The people made the call while speaking to journalists about what they are facing in the area.
They decried what some of them described as a democratic injustice, rejection and abandonment by former President Olusegun Obasanjo, Governors Donald Duke, Liyel Imoke and Benedict Ayade’s administrations and the local government area.
Speaking to the Nigerian Tribune on the situation of things in the communities and the gully erosion control, the head of the clan, Chief Paul Effiong Essien, lamented that despite the participatiom of the clan in the democratic process since 1999, they had been rejected and abandoned.
He explained that successive administrations both from the federal, state and local governments had only made empty premises to tackle the erosion disaster that had splitter the clan into two sites, destroyed houses, caused self exile, building collapse, landslide, pollution, flooding and environmental degradation in the area.
“Right from the government of President Obasanjo and Donald Duke, when the gully was still small, that was when we started calling for assistance. Eventually, both the federal and state governments could not help us, Donald Duke handed over to Senator Imoke, the same thing happened, only promises were made. We had several talks with government officials yet nothing was done as regard the gully. When Imoke wanted to leave office, about six months before his tenure, the then local government chairman invited me and other chiefs, but in the long run everything was politicised.

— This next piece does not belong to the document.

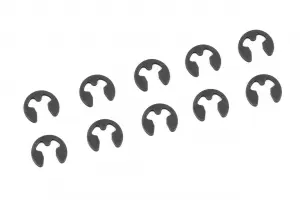 Corally E-Clips 2.5mm Thin (10)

“Also, Imoke handed over to Governor Ayade, since 2015, we have not been answered. And in less than 15 months time, Governor Ayade will be leaving office. Our entire community has been abandoned. No drainage control, no good erosion strategies, no efforts put in place to control the gully erosion. We are in agony. People have been placed in a difficult state and no one cares. We want the gully to be eliminated. We want government’s intervention in all areas of social amenities,” Essien said.